Information
Content starts

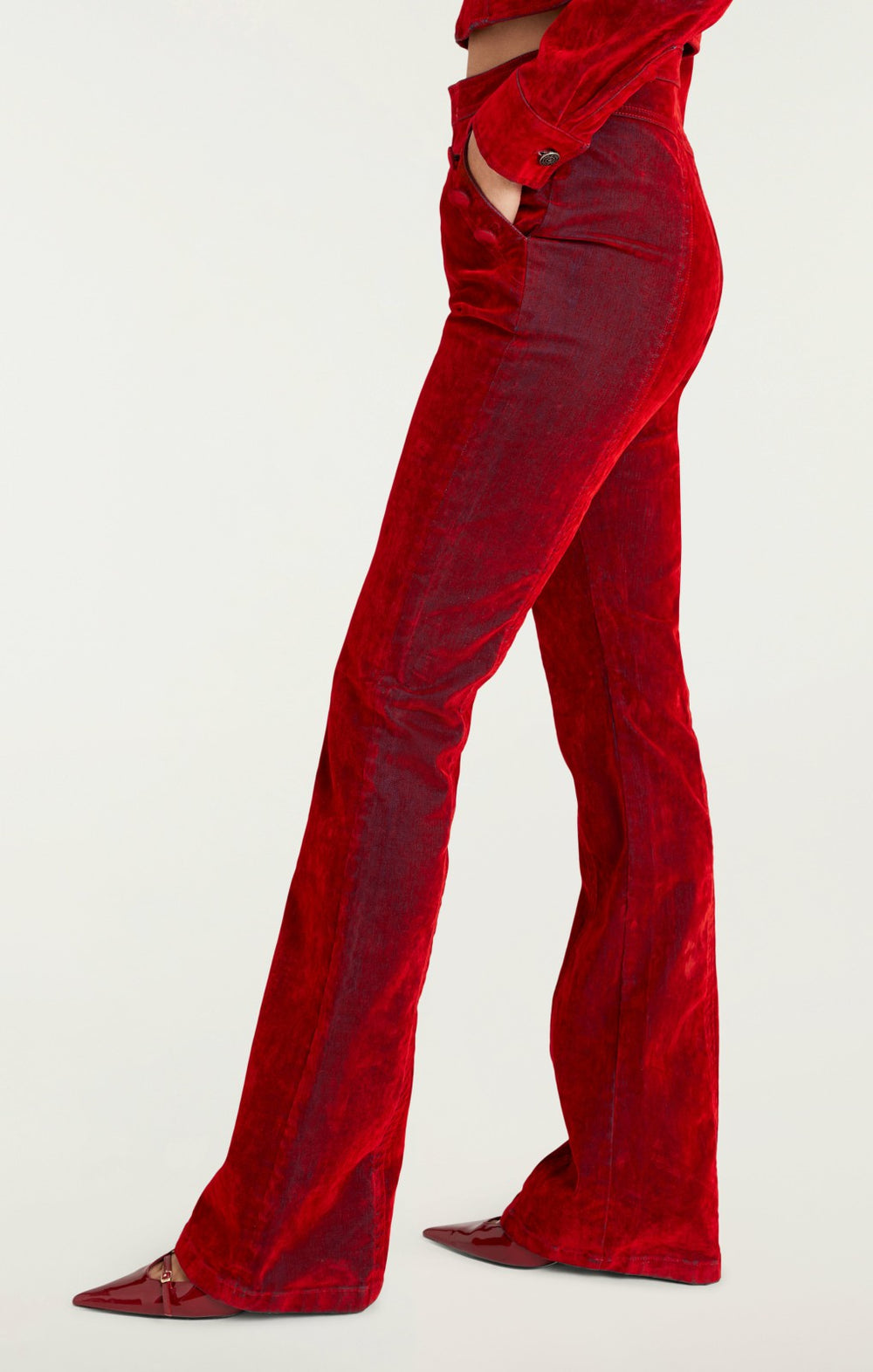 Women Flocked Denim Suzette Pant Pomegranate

Content ends
Content starts

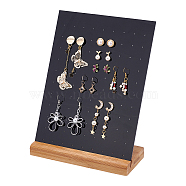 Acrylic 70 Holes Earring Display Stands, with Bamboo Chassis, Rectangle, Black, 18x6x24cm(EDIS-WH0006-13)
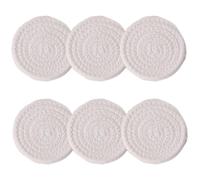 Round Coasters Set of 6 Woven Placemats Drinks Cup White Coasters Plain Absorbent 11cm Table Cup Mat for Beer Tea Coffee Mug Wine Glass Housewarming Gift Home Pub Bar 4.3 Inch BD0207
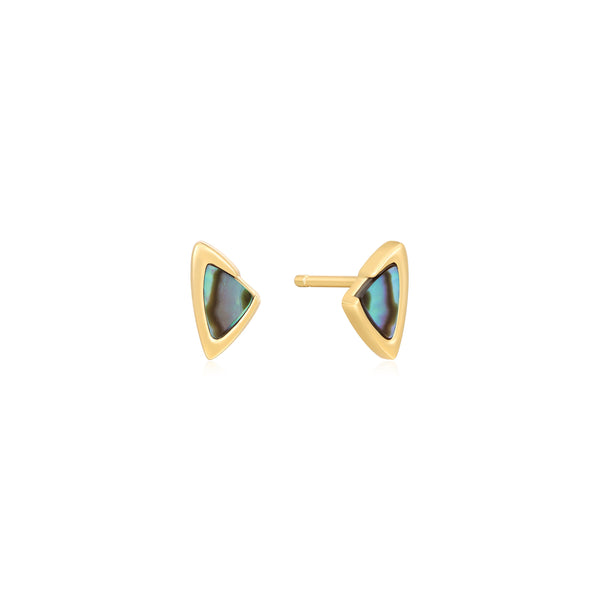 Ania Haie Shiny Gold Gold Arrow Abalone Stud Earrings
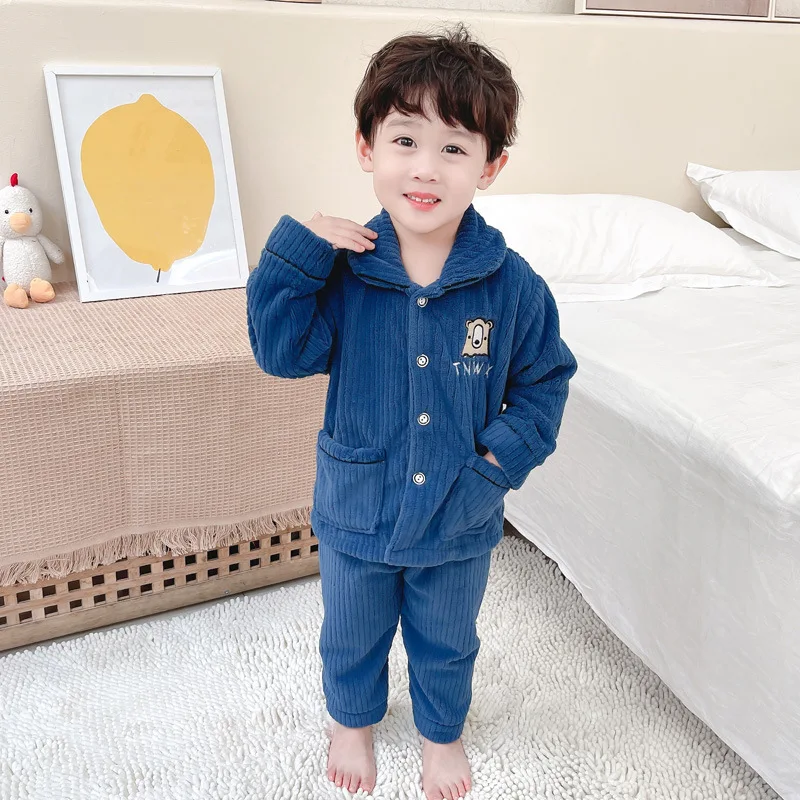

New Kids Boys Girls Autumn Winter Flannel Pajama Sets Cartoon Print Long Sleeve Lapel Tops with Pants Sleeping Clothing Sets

Content ends

Work order
Copy the listing above exactly, but only from the line with "Ania Haie Shiny" through the line with "New Kids Boys", including those two lines and excluding any picture.

Written answer
 Ania Haie Shiny Gold Gold Arrow Abalone Stud Earrings

New Kids Boys Girls Autumn Winter Flannel Pajama Sets Cartoon Print Long Sleeve Lapel Tops with Pants Sleeping Clothing Sets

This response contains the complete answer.